(Entries taken from a collection)
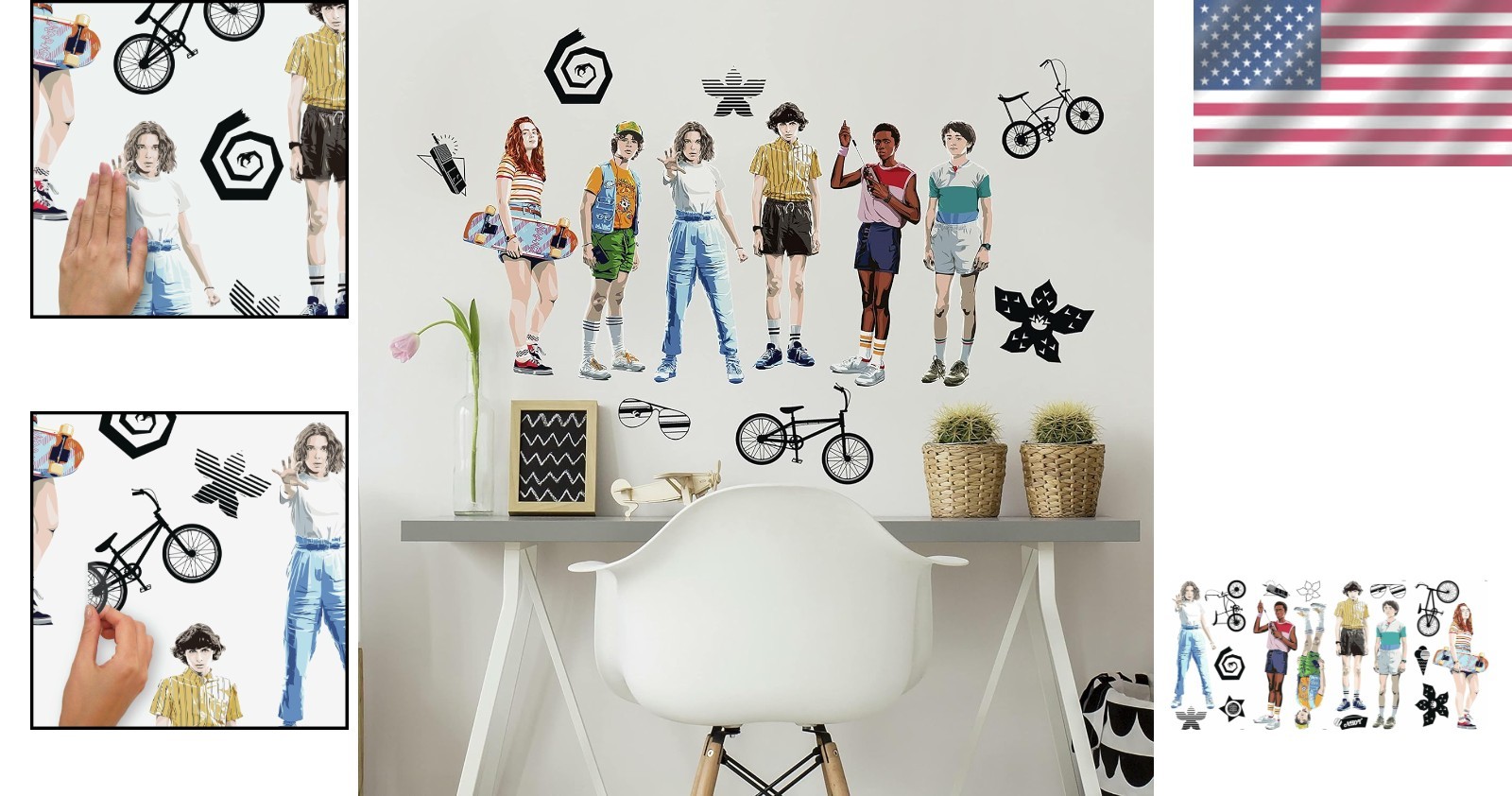 Fun & Safe Stranger Things Wall Decals – Peel and Stick Characters for Children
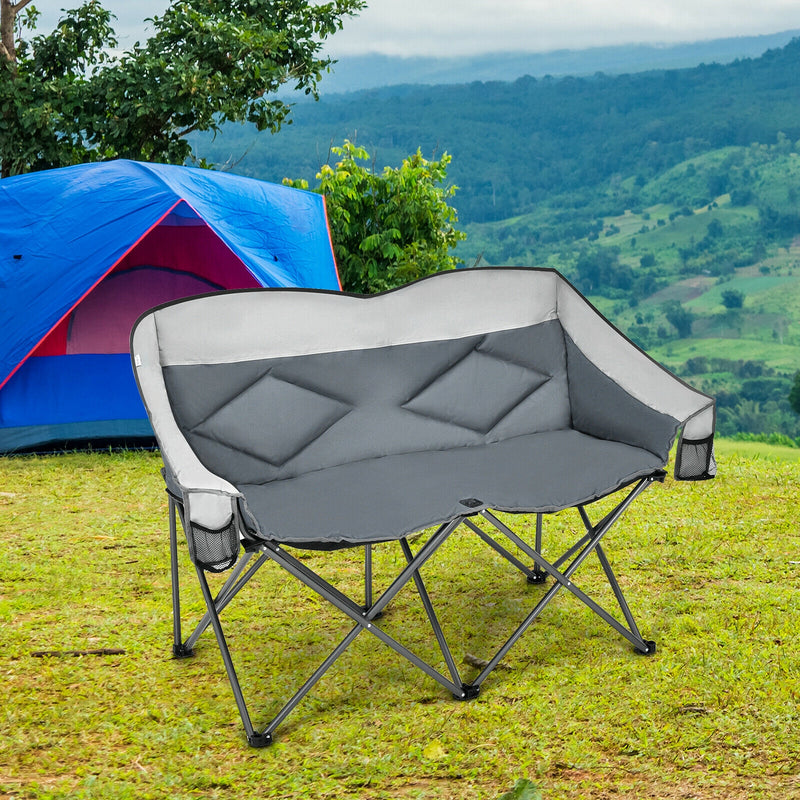 Folding Camping Chair with Bags and Padded Backrest-Gray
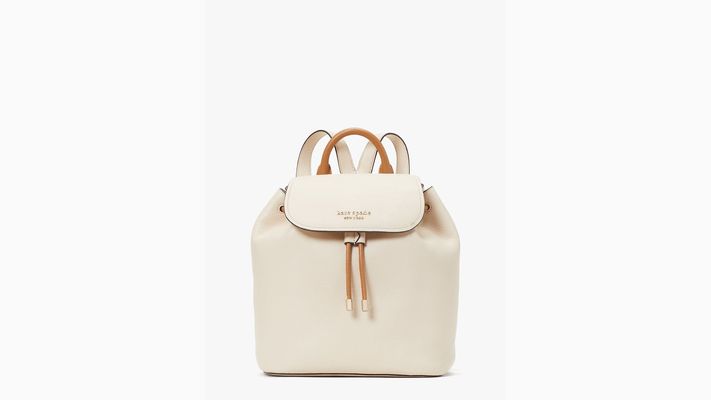 Kate Spade Sinch Pebbled Leather Medium Flap Backpack, Milk White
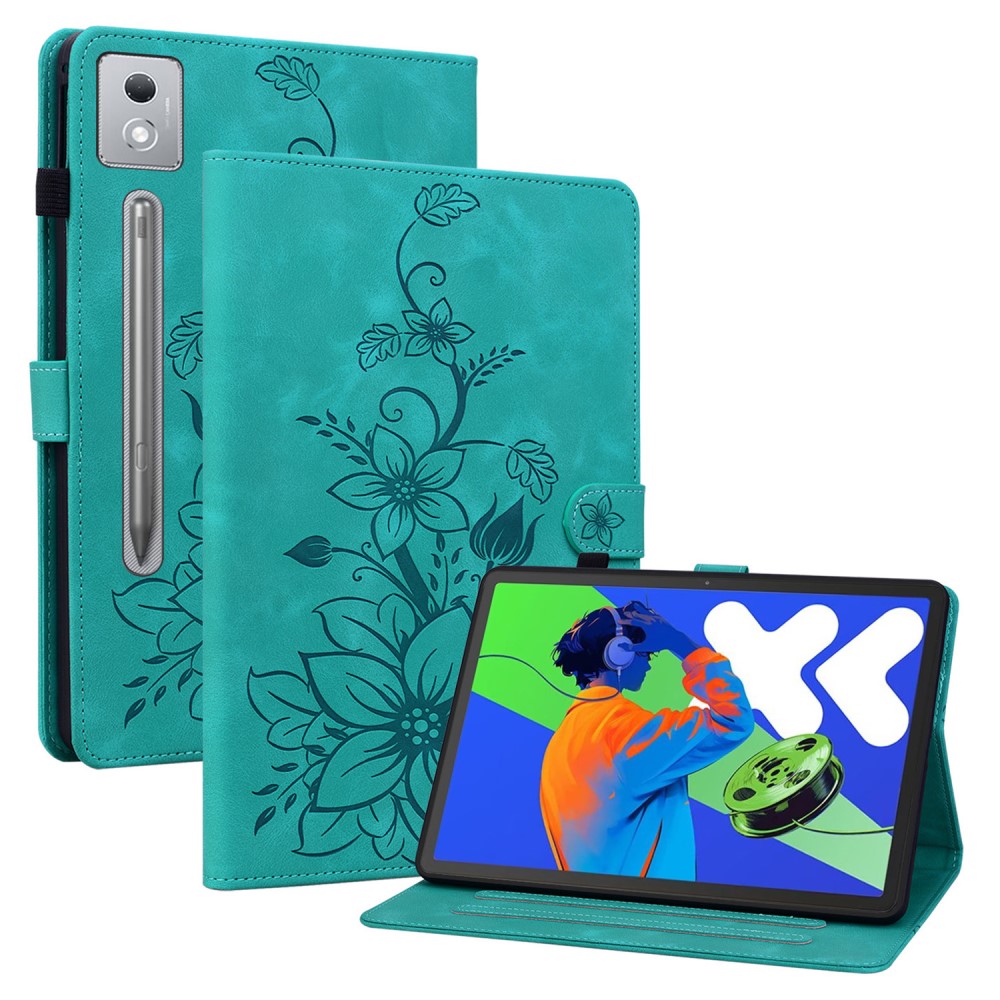 Lenovo Tab P12 Pro 12.7 2025 / Xiaoxin Pad Pro 12.7 (2025) Etui Lily Flower Imprint Kortspor Lærdeksel til nettbrett - Grønn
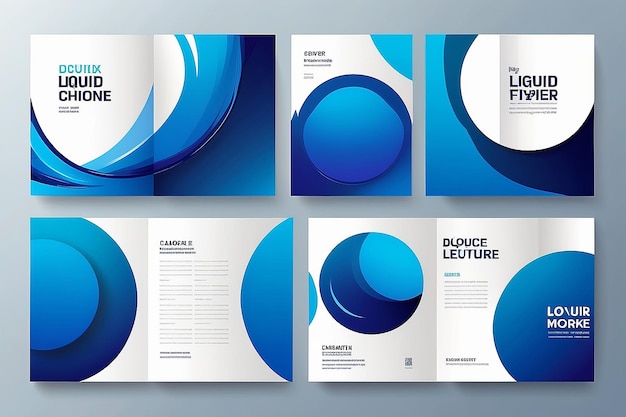 Portfolio geometric design vector set Abstract blue liquid graphic gradient circle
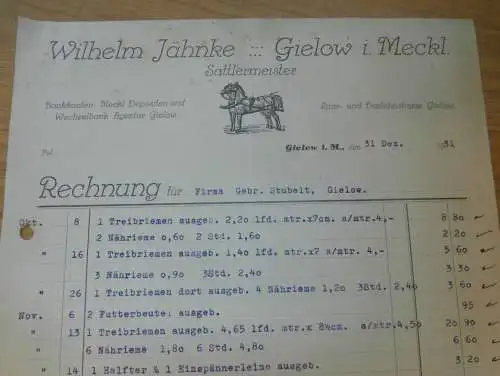 Sattlermeister Wilhelm Jähnke in Gielow i. Mecklenburg , 1931 , Sattler ,  Pferde , alte Rechnung  !!!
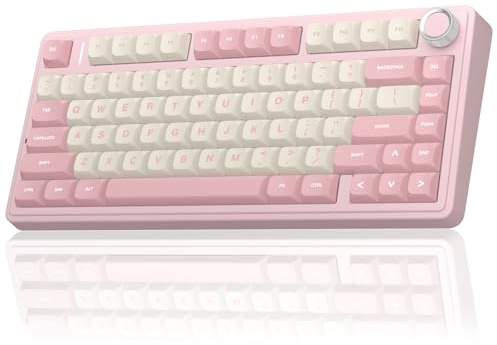 AULA F75 Mechanische Tastatur Gaming,2.4GHz/Type-C/BT5.0 Mechanical Keyboard mit Knopf,Fünfschichtige Gefüllte Struktur,RGB,QWERTY,Hot-Swap,Creamy Kabellos Gaming Tastatur 75 Prozent (Rosa Weiß)
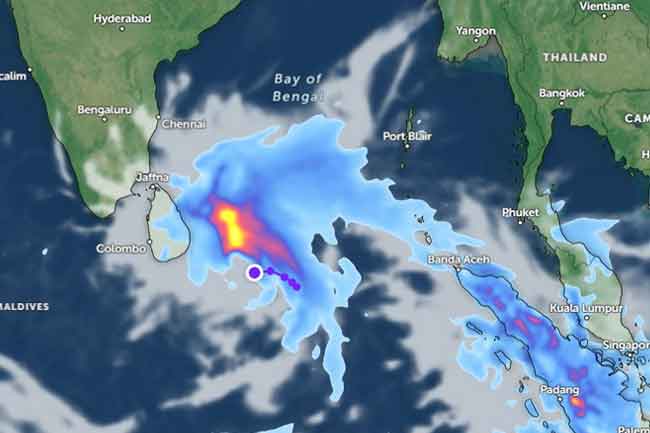 ගැඹුරු පීඩන අවපාතය පොතුවිල් සිට කිලෝමීටර් 300ක් දුරින්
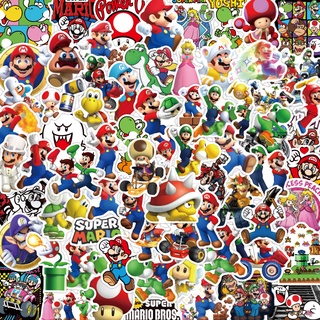 สติกเกอร์ PVC ลายการ์ตูน Super Mario Brothers น่ารัก กันน้ํา (2) 100 ชิ้น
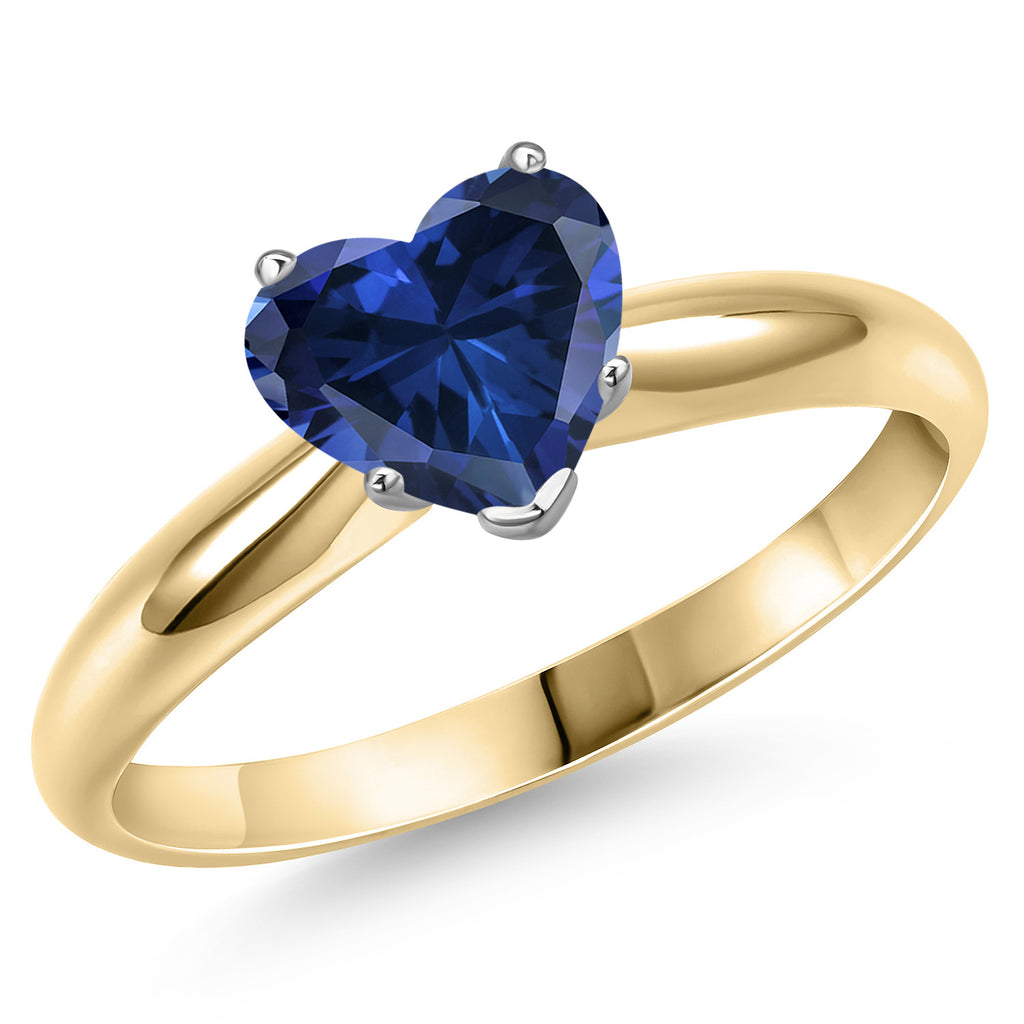 Blue Created Sapphire - September_7_Ring in 14K Two Tone Gold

> _AIM OF THE TASK_: Type the entries again verbatim. Drop the images.

> _WORKED SOLUTION_:
 Fun & Safe Stranger Things Wall Decals – Peel and Stick Characters for Children
 Folding Camping Chair with Bags and Padded Backrest-Gray
 Kate Spade Sinch Pebbled Leather Medium Flap Backpack, Milk White
 Lenovo Tab P12 Pro 12.7 2025 / Xiaoxin Pad Pro 12.7 (2025) Etui Lily Flower Imprint Kortspor Lærdeksel til nettbrett - Grønn
 Portfolio geometric design vector set Abstract blue liquid graphic gradient circle
 Sattlermeister Wilhelm Jähnke in Gielow i. Mecklenburg , 1931 , Sattler ,  Pferde , alte Rechnung  !!!
 AULA F75 Mechanische Tastatur Gaming,2.4GHz/Type-C/BT5.0 Mechanical Keyboard mit Knopf,Fünfschichtige Gefüllte Struktur,RGB,QWERTY,Hot-Swap,Creamy Kabellos Gaming Tastatur 75 Prozent (Rosa Weiß)
 ගැඹුරු පීඩන අවපාතය පොතුවිල් සිට කිලෝමීටර් 300ක් දුරින්
 สติกเกอร์ PVC ลายการ์ตูน Super Mario Brothers น่ารัก กันน้ํา (2) 100 ชิ้น
 Blue Created Sapphire - September_7_Ring in 14K Two Tone Gold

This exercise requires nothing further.